Eight years later, Rosendahl has come and gone, the street is worse, and the Cowden family has had to pay for repair of flat tires and car alignment damage caused by the lousy streets.
The Cowdens have several problems with the project. First, several thousand dollars would be a hardship for them and others. Some homeowners who can't pay would have the option of waiting and paying up when they sell their property, or they could pay it off over 10 years. But the finance charge would inexplicably top 9% at a time when market rates are much lower.
"Ten thousand dollars becomes almost $20,000," said Mike.
He and Kerry would also like to know why assessments have more than doubled since 2009, and why they're more than twice what a private contractor estimated when he was contacted by a neighbor. They also note that the estimated total cost of the project has increased from less than $700,000 in 2010 to just above $1 million now.
Carl de la Fuente, the city's project manager, told me that earlier lower estimates were just that — estimates. He said the streets in question have specific drainage and soil composition issues that require careful grading and curb/gutter construction, and lower estimates from a private contractor may not have taken that into account. Some nearby streets have had quickie resurfacing fixes that won't last more than a few years, he said. But the design in the curb assessment district, along with new roads, would be built to last 40 years.
Still, the city has moved so slowly that nearly three years have passed since a 2010 straw vote in which 70% of the residents said they would vote to assess themselves curb repair fees. The increased cost since then is making it harder to win support this time, said Stan Hoffman, a resident who has teamed with neighbor Chris McKinnon to campaign for a yes vote.
"I feel like I'll get the money back, because the neighborhood will be so much better," said Hoffman, who thinks the value of his home will increase with the improvements.
Hoffman's estimated assessment is $6,596 and McKinnon's is $7,500. They understand the complexities of why basic services have been scaled back in Los Angeles and elsewhere, due in part to soaring personnel and retiree costs. And they'd rather not have to write fat checks for curb repair. But Hoffman, 70, said he thinks it may be the only way the street gets repaved in his lifetime.

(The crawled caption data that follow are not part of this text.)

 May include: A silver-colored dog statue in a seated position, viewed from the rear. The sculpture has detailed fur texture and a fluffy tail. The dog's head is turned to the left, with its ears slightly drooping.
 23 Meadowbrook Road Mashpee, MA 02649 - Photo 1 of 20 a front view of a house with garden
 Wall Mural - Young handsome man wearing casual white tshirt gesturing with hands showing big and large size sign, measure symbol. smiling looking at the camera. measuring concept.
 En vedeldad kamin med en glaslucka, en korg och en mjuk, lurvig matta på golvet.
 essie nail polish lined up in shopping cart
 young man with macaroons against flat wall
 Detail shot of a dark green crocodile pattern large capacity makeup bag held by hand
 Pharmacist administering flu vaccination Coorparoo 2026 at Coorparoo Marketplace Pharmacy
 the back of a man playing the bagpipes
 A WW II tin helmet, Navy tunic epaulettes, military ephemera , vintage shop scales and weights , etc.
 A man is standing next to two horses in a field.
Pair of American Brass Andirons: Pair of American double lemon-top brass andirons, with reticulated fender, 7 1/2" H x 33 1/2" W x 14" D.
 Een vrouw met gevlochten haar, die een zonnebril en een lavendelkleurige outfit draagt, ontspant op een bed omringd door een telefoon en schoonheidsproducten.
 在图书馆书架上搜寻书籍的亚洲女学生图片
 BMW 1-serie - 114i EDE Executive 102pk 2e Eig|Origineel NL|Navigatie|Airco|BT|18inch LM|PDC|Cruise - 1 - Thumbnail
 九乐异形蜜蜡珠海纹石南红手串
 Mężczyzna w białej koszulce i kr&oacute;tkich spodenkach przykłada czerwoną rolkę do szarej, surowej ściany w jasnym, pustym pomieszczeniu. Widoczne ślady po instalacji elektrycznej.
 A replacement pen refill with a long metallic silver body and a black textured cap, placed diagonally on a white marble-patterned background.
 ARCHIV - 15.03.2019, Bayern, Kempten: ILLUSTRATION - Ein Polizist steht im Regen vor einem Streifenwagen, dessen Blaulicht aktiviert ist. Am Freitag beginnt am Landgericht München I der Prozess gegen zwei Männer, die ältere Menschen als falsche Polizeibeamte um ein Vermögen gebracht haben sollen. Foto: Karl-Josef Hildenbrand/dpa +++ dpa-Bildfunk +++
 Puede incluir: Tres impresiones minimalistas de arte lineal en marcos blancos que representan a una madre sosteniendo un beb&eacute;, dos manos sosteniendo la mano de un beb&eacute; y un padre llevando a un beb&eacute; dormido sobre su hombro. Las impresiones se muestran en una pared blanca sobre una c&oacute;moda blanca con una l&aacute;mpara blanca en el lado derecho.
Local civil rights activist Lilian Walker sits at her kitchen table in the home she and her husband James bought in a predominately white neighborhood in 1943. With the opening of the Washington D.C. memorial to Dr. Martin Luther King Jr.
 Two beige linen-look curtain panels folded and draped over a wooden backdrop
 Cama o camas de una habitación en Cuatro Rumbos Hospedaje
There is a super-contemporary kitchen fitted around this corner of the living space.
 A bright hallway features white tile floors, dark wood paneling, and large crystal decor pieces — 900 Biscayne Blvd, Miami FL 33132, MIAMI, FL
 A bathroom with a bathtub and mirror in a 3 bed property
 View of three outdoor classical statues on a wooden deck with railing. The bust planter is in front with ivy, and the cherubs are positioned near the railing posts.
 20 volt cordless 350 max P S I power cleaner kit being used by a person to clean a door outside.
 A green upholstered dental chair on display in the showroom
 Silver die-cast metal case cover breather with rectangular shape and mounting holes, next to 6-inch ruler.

Councilman Mike Bonin, Rosendahl's brand new successor, told me he didn't want to choose sides. But he said the city seems to have a "pathetic dynamic" in which streets like East Boulevard are deemed to be so bad "they're not worth fixing," and available funds are instead spent on streets that are salvageable.
Pathetic is an apt description.
Bonin also said "it's unreasonable to expect hard-working people" to have to "pick up the tab" for basic improvements on what he perceives as public property, such as curbs and sidewalks.
I agree. But where does that leave it?
Maybe it's time for a bond measure, said Bonin, that raises money not just for street repair, but for the 4,500 miles of bad sidewalk too.
In other words, if you want streets and sidewalks fixed anytime soon in Los Angeles, you can beg, you can complain and you can even scream. But in the end, one way or another, you're going to pay.